Pero este celo, sin duda apostólico, que ponían nuestros educadores en apartarnos de la tentación carnal aplicando el principio de la separación de sexos, se esfumó como por ensalmo, exorcismo o sortilegio cuando, con la llegada de la democracia, el Estado se hizo laico y repartió sus preciadas subvenciones entre los colegios integrados. De la noche a la mañana, los colegios religiosos de España abrazaron el nuevo credo para seguir cobrando las monedas con la efigie del nuevo césar, más de treinta.

Incluso las órdenes y las sectas ultraconservadoras se plegaron, o fingieron plegarse, ante los nuevos edictos integradores. La tentación era muy fuerte, sobre todo para organizaciones como el Opus Dei y los Legionarios de Cristo, nacidas con el imperativo de solucionar el evangélico problema de hacer pasar a los ricos por el ojo de la aguja.
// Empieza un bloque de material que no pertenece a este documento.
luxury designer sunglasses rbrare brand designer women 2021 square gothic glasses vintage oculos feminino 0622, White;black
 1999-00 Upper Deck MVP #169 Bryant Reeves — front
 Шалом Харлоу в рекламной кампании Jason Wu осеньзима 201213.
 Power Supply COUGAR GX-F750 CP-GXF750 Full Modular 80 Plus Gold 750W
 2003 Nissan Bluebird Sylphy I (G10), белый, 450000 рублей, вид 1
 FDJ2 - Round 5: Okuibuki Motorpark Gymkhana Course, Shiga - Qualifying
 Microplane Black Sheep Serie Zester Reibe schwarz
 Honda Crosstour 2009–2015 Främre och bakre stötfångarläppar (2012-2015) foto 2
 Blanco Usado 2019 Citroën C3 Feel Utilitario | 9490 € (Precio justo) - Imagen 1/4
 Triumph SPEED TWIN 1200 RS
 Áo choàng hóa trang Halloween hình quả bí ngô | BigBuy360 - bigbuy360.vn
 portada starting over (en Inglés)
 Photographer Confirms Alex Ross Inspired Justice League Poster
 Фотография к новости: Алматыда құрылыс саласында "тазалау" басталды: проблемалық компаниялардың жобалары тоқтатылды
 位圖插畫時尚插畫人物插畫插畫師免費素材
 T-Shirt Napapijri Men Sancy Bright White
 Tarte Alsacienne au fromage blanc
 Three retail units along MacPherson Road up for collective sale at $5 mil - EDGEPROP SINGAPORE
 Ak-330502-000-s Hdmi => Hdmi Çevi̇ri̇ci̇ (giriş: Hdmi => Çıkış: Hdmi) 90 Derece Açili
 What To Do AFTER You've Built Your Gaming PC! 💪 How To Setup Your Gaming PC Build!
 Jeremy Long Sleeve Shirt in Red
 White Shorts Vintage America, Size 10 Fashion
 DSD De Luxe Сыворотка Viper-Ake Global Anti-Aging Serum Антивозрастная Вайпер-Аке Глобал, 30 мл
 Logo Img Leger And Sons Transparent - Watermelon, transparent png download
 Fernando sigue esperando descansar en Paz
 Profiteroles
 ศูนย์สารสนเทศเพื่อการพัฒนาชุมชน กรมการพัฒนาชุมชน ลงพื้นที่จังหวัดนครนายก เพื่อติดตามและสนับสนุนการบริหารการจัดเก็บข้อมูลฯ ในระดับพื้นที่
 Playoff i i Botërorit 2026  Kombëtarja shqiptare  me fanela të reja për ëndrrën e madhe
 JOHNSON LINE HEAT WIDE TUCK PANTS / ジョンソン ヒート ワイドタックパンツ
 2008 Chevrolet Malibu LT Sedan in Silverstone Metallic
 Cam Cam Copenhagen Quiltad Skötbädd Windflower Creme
Los fingimientos han protagonizado la toma, de tapadillo, de un colegio madrileño por las banderas de esta nueva legión. Los legionarios cristianos consienten en educar bajo el mismo techo a especímenes inmaduros de ambos sexos, pero con un muro por medio. Y aquí vuelve a entrar la casuística, esta separación por aulas no se lleva a cabo por motivos religiosos ni morales, sino porque está "científicamente" demostrado que ellas maduran antes y deben ser atendidas de diferente manera, aunque la medida sirva de paso para que ellos no se destruyan la médula espinal, se vuelvan locos o sufran ataques epilépticos inspirados por la tierna madurez de sus compañeras.